The event, free of charge, will take place from 5 to 7 p.m., Sunday, June 10, in the historic cemetery located along Concord Road. Handicapped parking will be allowed on site, but trollies rented from City of Knoxville will transport visitors from parking at Town Hall to the cemetery and back throughout the evening.
While this will be the first year for the re-enactment, the project had been discussed between the Cemetery Board and Town officials for some time, said Mike Karnitz, board member and caretaker for the cemetery.
“And, we decided this would be the year to pull it off.”
Karnitz, who leads school tours of the cemetery’s monuments and notable inhabitants, provided a list of potential subjects.
“There is a lot of history in that cemetery,” Karnitz said. “People think that Farragut has just been around for 30 years, so how much history can there be? But there is a lot of history in this area,” noting it previously was known as Campbell’s Station community.
Karnitz estimated about 1,500 men, women and children are buried in Pleasant Forest Cemetery, which historians date back to 1796, the same year Tennessee was granted statehood.
Karnitz said he provided a list of about 15 individuals to be considered for the project, with nine ultimately being selected.

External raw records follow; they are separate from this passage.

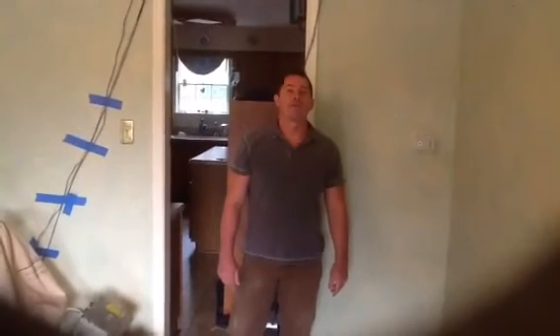Thanks for watching Barbidi Hardwood Flooring. You can reach me at BarbidiFlooring.com or you can give me a call at 484-354-8869. Thank you.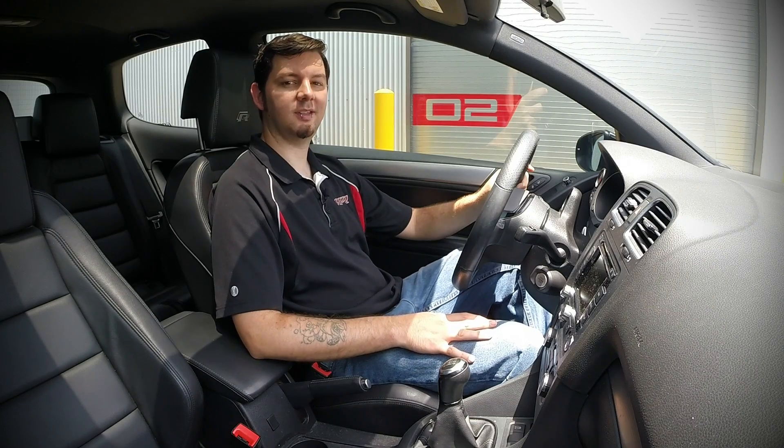Hey everyone, Jamie at APR here to tell you about two new features available for the Mark 6 Golf R with manual transmissions. The new launch control feature offers a user adjustable maximum RPM while stationary, with the added benefit of increased boost off the line. If you're looking to improve your 0-60 or quarter mile times, this feature is for you.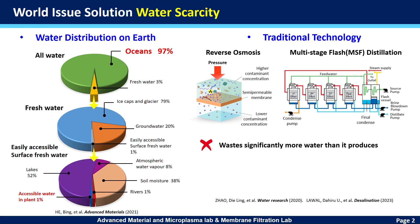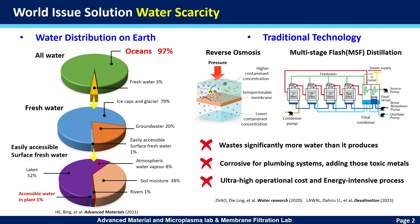However, there are drawbacks. First, the byproduct wastewater is more than the clean water produced. Second, in the process, the byproduct high-concentration salt will destroy the pipe and pump systems. There are also ultra-high operation costs and energy-intensive extended processes.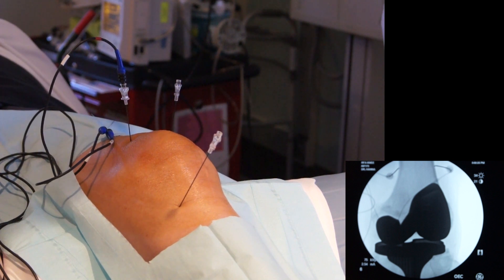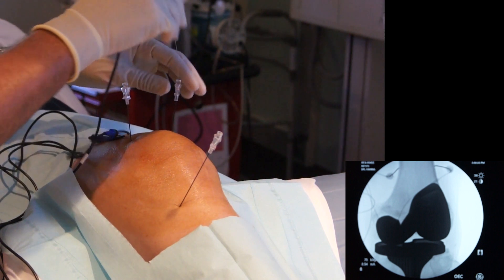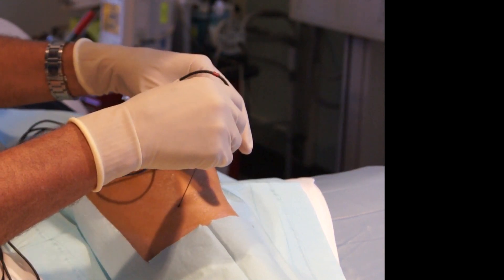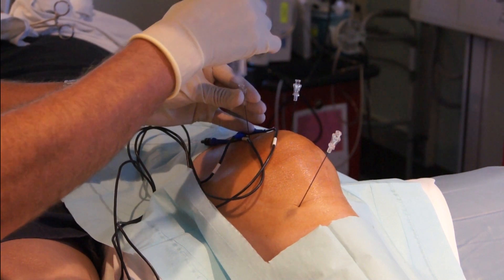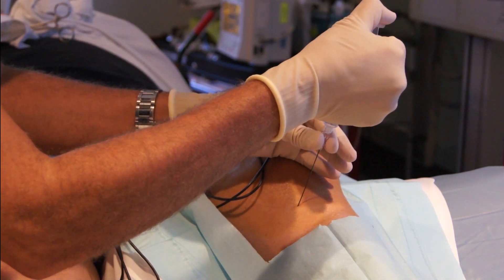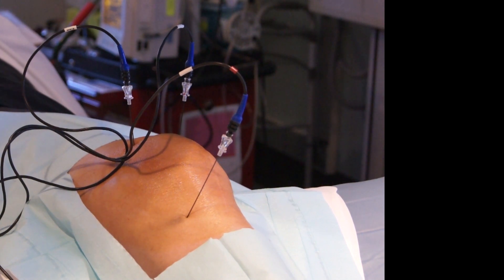We are doing stimulation and we are not getting any motor stimulation, so we are going to move on. After numbing the nerve, we wait about 30 seconds to a minute until the nerve is numb, and then we are going to perform the radiofrequency ablation.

Individuals portrayed, and the actors who will play them include: Revolutionary War soldier Thomas Boyd (Taylor Higginbotham); Farragut historian William Cottrell (Stan Duke); World War II veteran and area businessman Christopher Georges (Robert Warren); Farragut’s first mayor, Robert Leonard (Gordon Michaels); Tennessee’s second governor, Archibald Roane (Nick Koob); World War I veteran and owner of Russell’s grocery store J. Frank Russell (Lance Barnard); Farragut School teacher Beulah G. Starkey (Savannah Estes); and coal miner Ernest Wallace (Joseph Glidwell).
A part also has been written for Joe Davis, Farragut High School’s first janitor, but the original cast member had a family emergency, so the part still was open as of press deadline.
Warren, who also is a theater teacher at Hardin Valley Academy, wrote the individual parts to be performed at different stations within the cemetery.
He said he did a great deal of research to get the details and individual stories just right while also keeping the monologues at around two minutes each.
“I learned a lot about my community while doing the research,” Warren said.
Warren said he took great care with obtaining as much detail as possible, and drew upon information gleaned from a history book written by the late William Cottrell.
“It was important to me to show how (all these individuals) fit into the community,” Warren said, noting several, such as Georges, were not originally from the area.
The Living History event also will be an opportunity to celebrate the 100th anniversary of the dedication of the Roane Stone marker at the grave of Gov. Roane.
“It took 99 years for the state to recognize (Roane) and pay for the monument,” said Karnitz, who had the idea to commemorate it in conjunction with the June 10 Living History event.
“It was dedicated in June 1918, and there were over 1,000 people at the dedication.”
He said Cemetery Board members would be handing out brochures from the 1918 event.
Karnitz said he would like to see the event continue “every other year, or maybe every three years.”